- [Stored data]

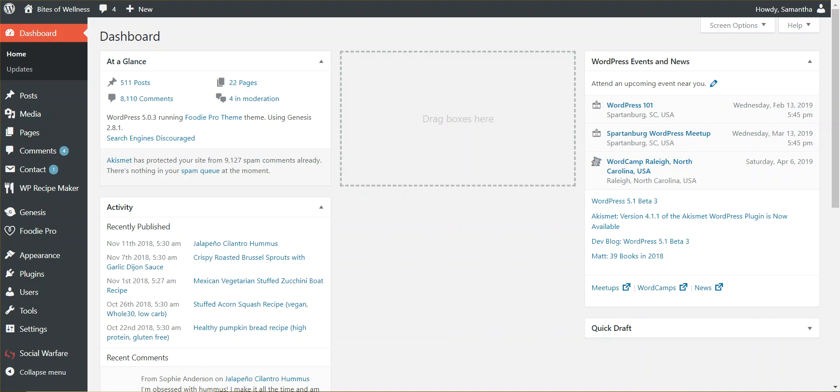As of this filming, RecipeKey Premium currently works with Genesis Framework websites. So that means any theme that is created for the Genesis Framework, RecipeKey will work with and will integrate.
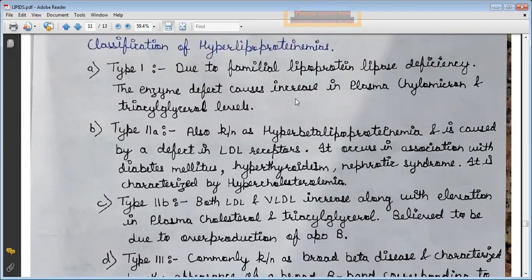Type 2, also known as hyperbeta lipoproteinemia, is caused by a defect in LDL receptors. It occurs in association with diabetes mellitus, hyperthyroidism, and nephrotic syndrome.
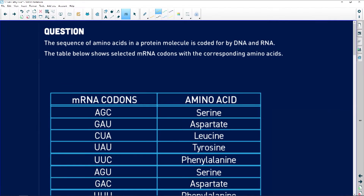The sequence of amino acids in a protein molecule is coded for by DNA and RNA. Remember: DNA makes RNA, RNA makes proteins. The table below shows selected messenger RNA codons with the corresponding amino acids.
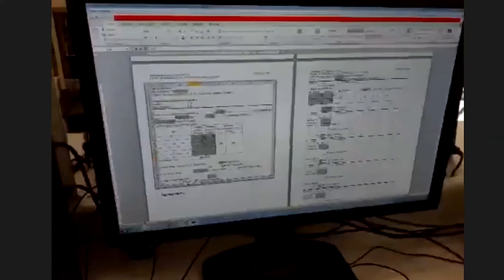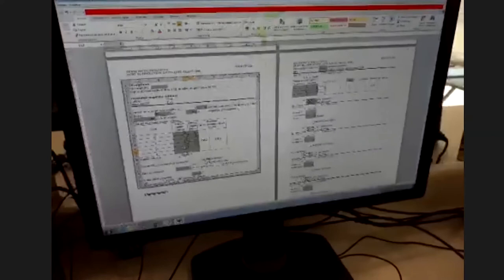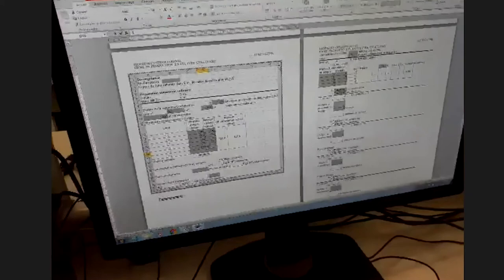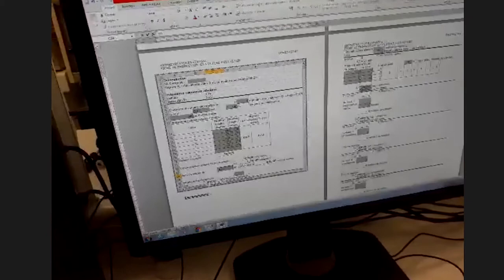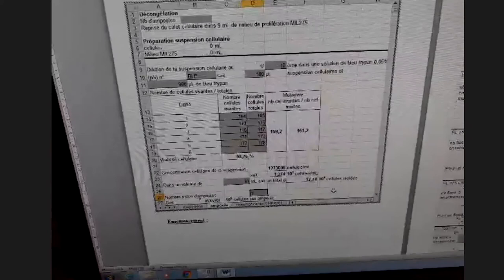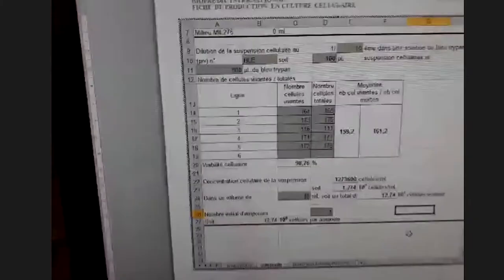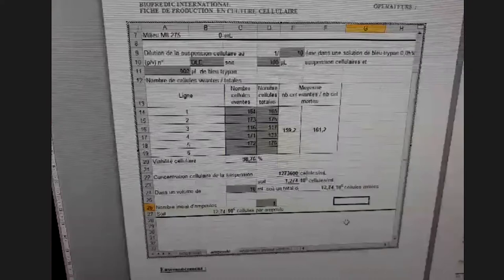We should assess cell viability to make sure that the cells are still viable, because DMSO — used as a cryoprotectant — is very toxic to cells. Otherwise, we may notice six hours after seeding that cells cannot adhere because we have only dead cells.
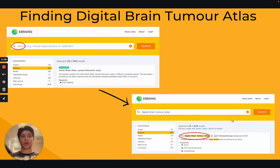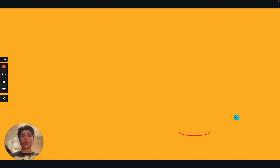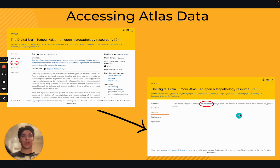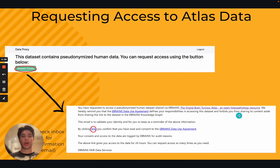From there, type 'digital brain tumor atlas' into the white search bar at the top of your screen and click search. The first result should read 'The Digital Brain Tumor Atlas, an open histopathology resource.' Click on the title of this search result, then click on the heading that says 'get data,' located two headings below the overview heading, and then click the blue link that says 'request access.' Confirm your request by clicking the green 'request access' button. You should then receive an email with a blue link to be redirected to the page containing all of the files in the digital brain tumor atlas.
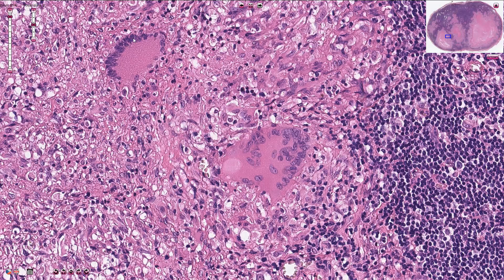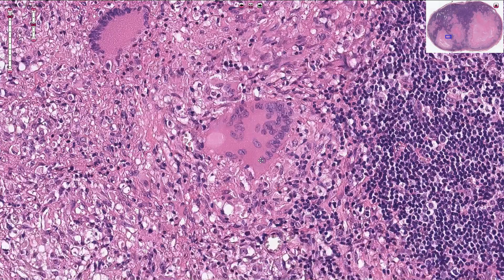We call these Langhans cells. The second type is when nuclei are dispersed randomly in the cytoplasm, or they are packed in one pole of the cytoplasm, and we call these foreign body type giant cells, because we often see these giant cells in cases of foreign body granuloma.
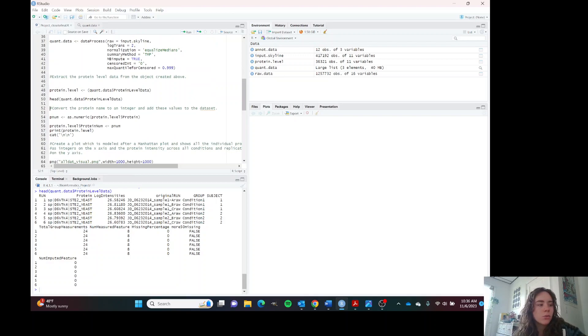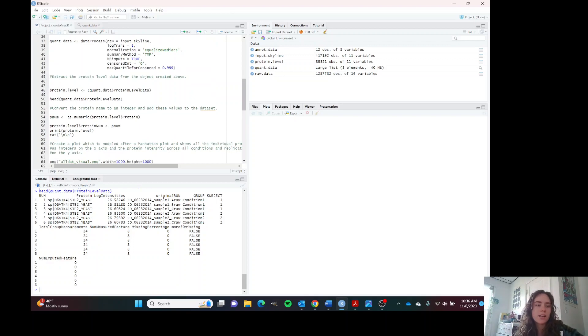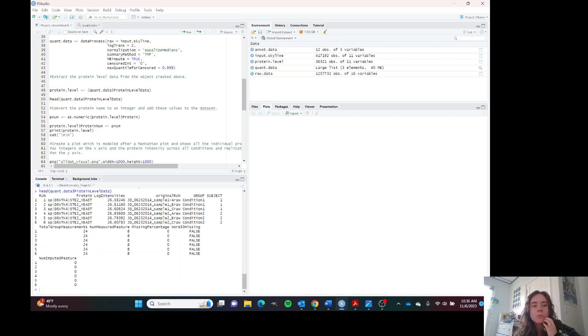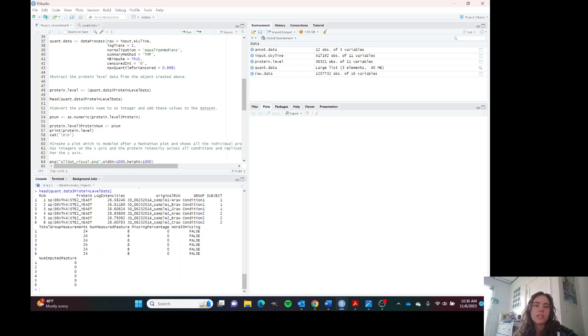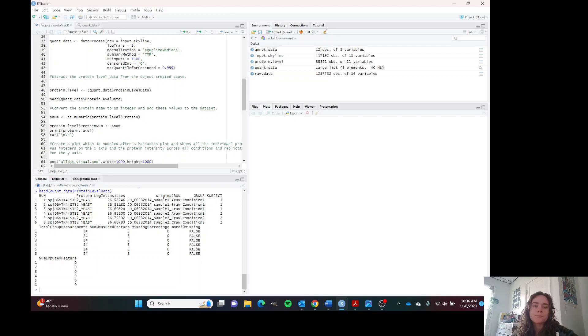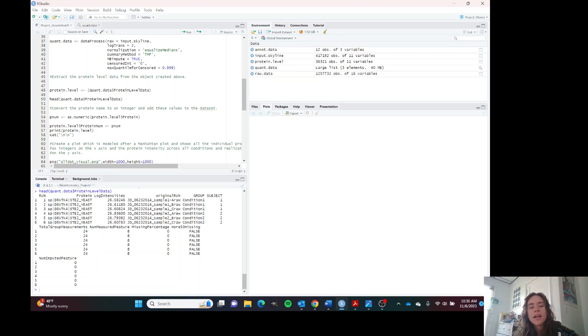We are going to move on to plotting this data. The issue is that our protein names are not numbers. They're not integers, they're factors. We need to change that because the plot that we are going to be doing is modeled after a Manhattan plot.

- [Instructions for the task] Transcribe all of the data above verbatim but omit every picture.

- [Finished task]
As of this filming, RecipeKey Premium currently works with Genesis Framework websites. So that means any theme that is created for the Genesis Framework, RecipeKey will work with and will integrate.
Type 2, also known as hyperbeta lipoproteinemia, is caused by a defect in LDL receptors. It occurs in association with diabetes mellitus, hyperthyroidism, and nephrotic syndrome.
The sequence of amino acids in a protein molecule is coded for by DNA and RNA. Remember: DNA makes RNA, RNA makes proteins. The table below shows selected messenger RNA codons with the corresponding amino acids.
We should assess cell viability to make sure that the cells are still viable, because DMSO — used as a cryoprotectant — is very toxic to cells. Otherwise, we may notice six hours after seeding that cells cannot adhere because we have only dead cells.
From there, type 'digital brain tumor atlas' into the white search bar at the top of your screen and click search. The first result should read 'The Digital Brain Tumor Atlas, an open histopathology resource.' Click on the title of this search result, then click on the heading that says 'get data,' located two headings below the overview heading, and then click the blue link that says 'request access.' Confirm your request by clicking the green 'request access' button. You should then receive an email with a blue link to be redirected to the page containing all of the files in the digital brain tumor atlas.
We call these Langhans cells. The second type is when nuclei are dispersed randomly in the cytoplasm, or they are packed in one pole of the cytoplasm, and we call these foreign body type giant cells, because we often see these giant cells in cases of foreign body granuloma.
We are going to move on to plotting this data. The issue is that our protein names are not numbers. They're not integers, they're factors. We need to change that because the plot that we are going to be doing is modeled after a Manhattan plot.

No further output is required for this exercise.